While somewhat more complicated, the # of compounding periods has a significant effect on the TVM output.

When using the above illustrations, the changes to the periods of compounding for quarterly, monthly and daily would be calculated as follows:

Quarterly Compounding:

FV = £20,000 x (1 + (10% / 4)) ^ (4 x 1) = £22,076

 

Monthly Compounding:

FV = £20,000 x (1 + (10% / 12)) ^ (12 x 1) = £22,094

 

Daily Compounding:

FV = £20,000 x (1 + (10% / 365)) ^ (365 x 1) = £22,103

 

The above calculations of the Time Value of Money indicate that the number of times the capital is compounded has a direct effect on the returns received. This is due to interest being paid on interest a greater number of times over the same time horizon which in this case is 1 year.

 

Compounding: Why it Matters

Einstein is once believed to have said “The most powerful force in the world is compound interest”, and without hesitation, Buffet responds “Compound interest” whenever asked for the single largest factor behind his success. Such illustrious minds have rarely been wrong regarding their prospective fields, and thus we should indeed sit up and take note.

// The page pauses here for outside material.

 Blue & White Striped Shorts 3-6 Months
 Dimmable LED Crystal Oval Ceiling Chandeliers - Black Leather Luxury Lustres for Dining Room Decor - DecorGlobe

It is important to start putting aside some capital as soon as you can, whether this is for upcoming goals, such as weddings, or long term aspirations, such as that yacht, investing matters. The trick is to start small, and more importantly, as soon as you can.

This way, you can take the most advantage out of compound returns, and the almost magical effect on your capital growth. This is long term thinking, and the amount you put in now is less important compared to how long your money has to grow.

The idea of compound interest is that money makes money, you can earn interest on interest earned at, for example, your local bank account.

The chart below shows the staggering differences between starting to invest at 25 and 35 years of age, and the outcomes based on retiring at 65. It shows how one saver, who invests for 10 years, end up with more total capital than Bill, who spent 30 years.

The same principle works when you invest in stocks or mutual funds, where annual returns are, on average, higher than they are at the bank. With compounded returns, the money your investments earn one year will earn money for you in following years — as long as you reinvest it.

 

Here are a few more examples with varying rates of returns:

For example, if you invest 100 pounds a month for 40 years at a modest 5% rate of return, you will have more than 150,000 pounds in total.

At 6%, almost 200 000.

Assuming you make good investments, at 10%, almost 600 000.

On a total investment of 60 000, this is 10 times the initial investment.

 

This often leads to the question of “Why don’t retirement savings work the same way, providing similar returns?”.

The truth is some do, there are some great funds that have performance at around these levels. One example is Horizon Capital, who generated returns of 24% over the last 12 months in its high risk fund.

Otherwise, it is likely that these returns are being made, but that the fees charged by brokers, traders, and wealth managers often leave the investor with very little reward.

To end with a final quote, “The aim of the wise is not to secure pleasure, but to avoid pain.” – Aristotle, and that’s why compound interest matters.